Centenas de afetos meus por ti me transbordam

Eu andava lendo boas coisas. Boas rimas. Andava ouvindo boas músicas, boas histórias. Por deus, eu andava tão leve e descompromissada em ser qualquer coisa que não eu mesma. Andava.

Por fim, não ando mais. Depois de ti, pequena, me tornei um conto seu, uma estrofe tua. Rima e poesia. Sonora e latente. Muda e um sem fim de significados seus.

Os dias últimos foram de cansativos ecos e ressoares teus. Seus dedos, seus toques, seus timbres. Tudo ecoa em mim. Uma, duas, dez vezes. Centenas de afetos meus por ti me transbordam. E meus traços repetem os traços teus. E meus timbres copiam os timbres teus. Menina, meus ensejos são seus olhos distraídos, encantadora e sagazmente perdidos em mim.

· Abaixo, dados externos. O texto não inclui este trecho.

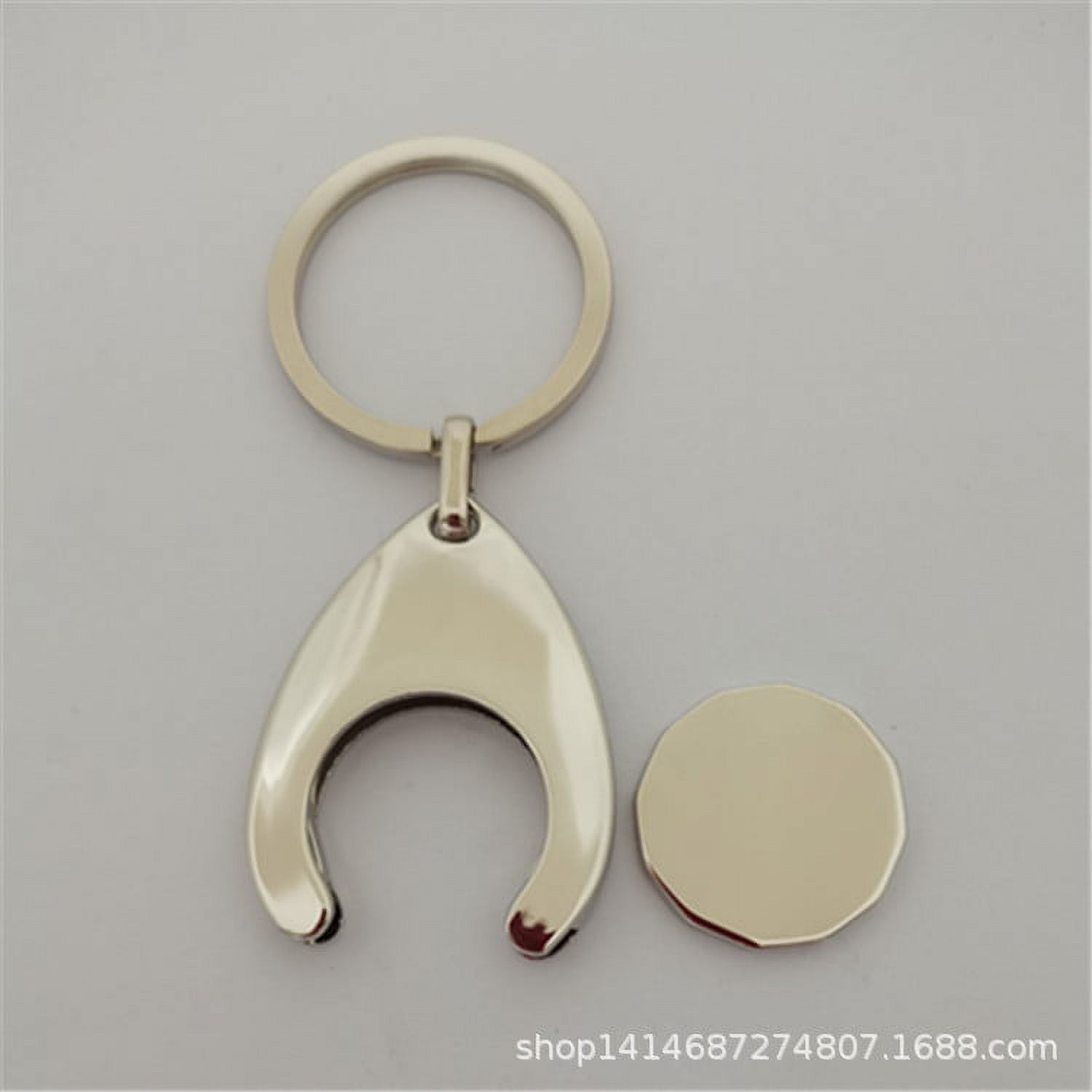 Trolley Tokens Key Ring Shopping Trolley Tokens Coin Keyring Metal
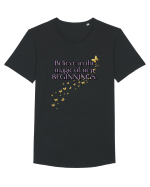 Belive in the magic new beginnings Tricou mânecă scurtă guler larg Bărbat Skater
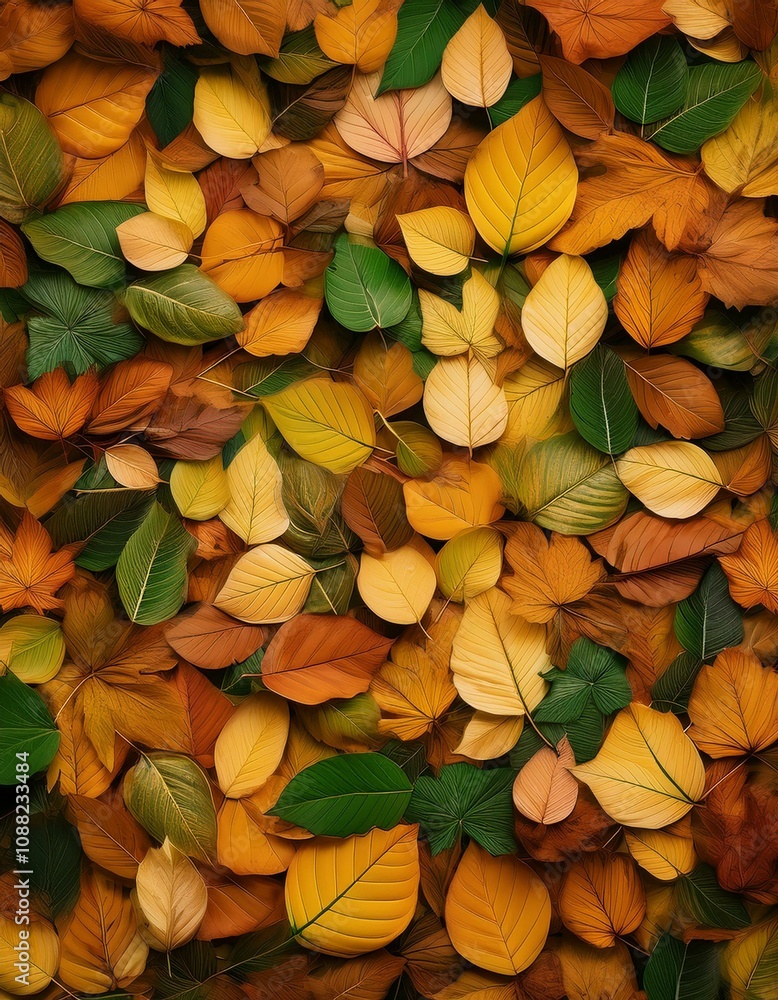 Autumn leaves in warm colors. A beautiful display of nature's artistry. Autumn leaves in warm colors. A beautiful display of nature's artistry.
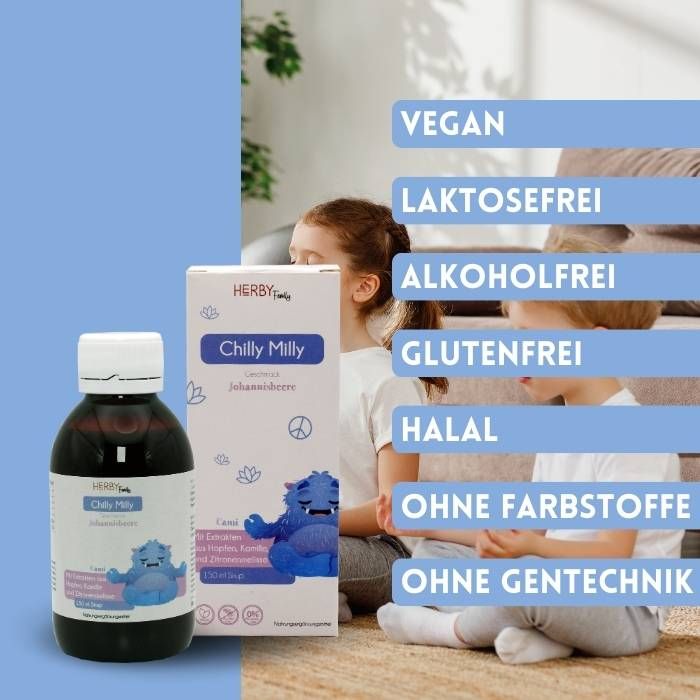 Herby Family Chilly Milly - Sirup für Kinder bei Reizüberflutung und innerer Unruhe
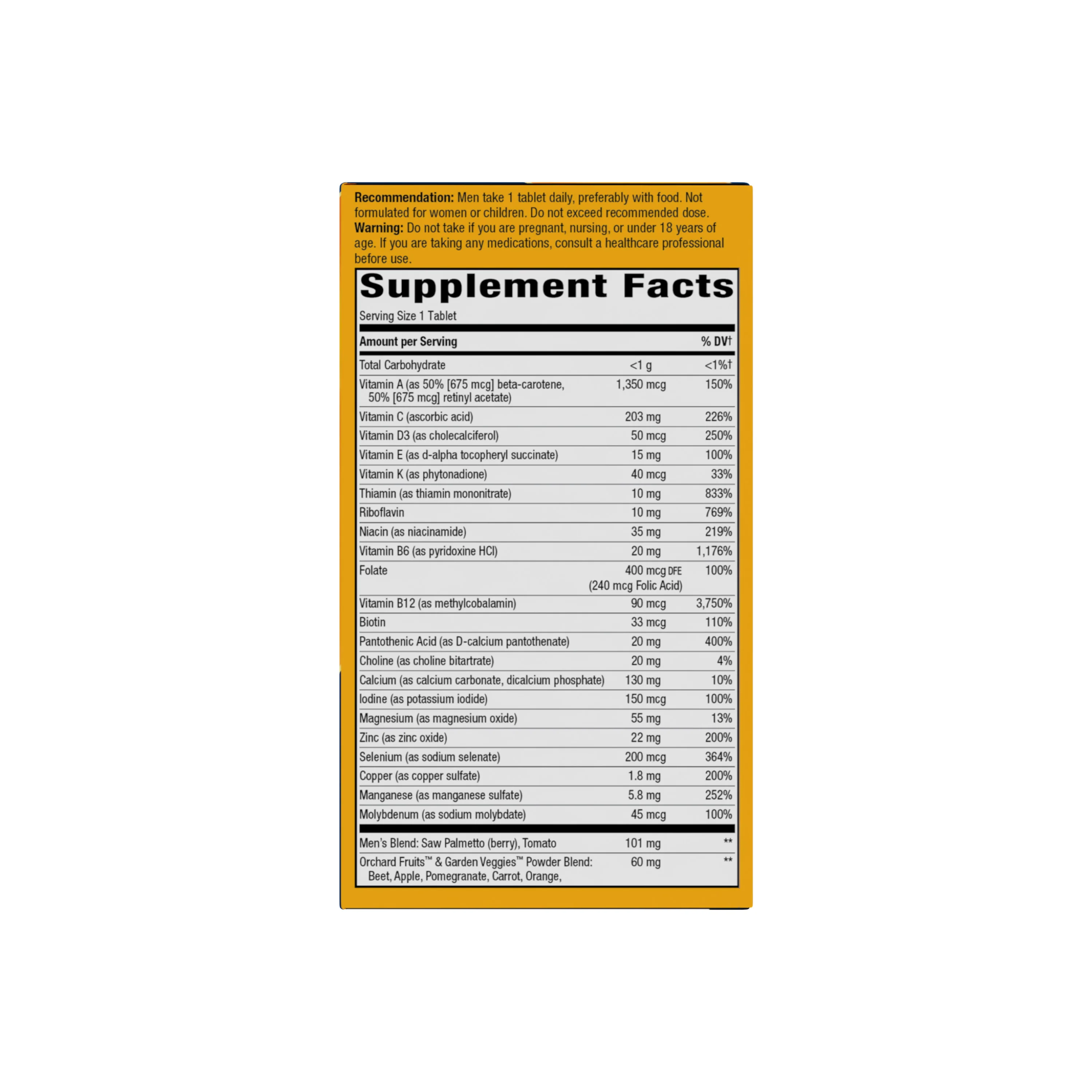 Alive!® Men's 50+ Ultra Multivitamin - Image 5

Mas não se perdem. Não me adentram, não me tocam. Seus olhos não me tecem mais.

Andei lendo bons livros. Entre eles, nenhum que verbalizou seu tracejo. Depois de ti, as palavras ficaram soltas e sem nexo. Menina, me ressignifico em mil dicionários e nada me devolve a mim. Mil sentidos e você não se encontra em nenhum. Seu espaço vago em mim é mais do que um vão. É uma desordem que me desconstrói. Me refiz em centenas de palavras e só uma ainda ecoa aqui: fica.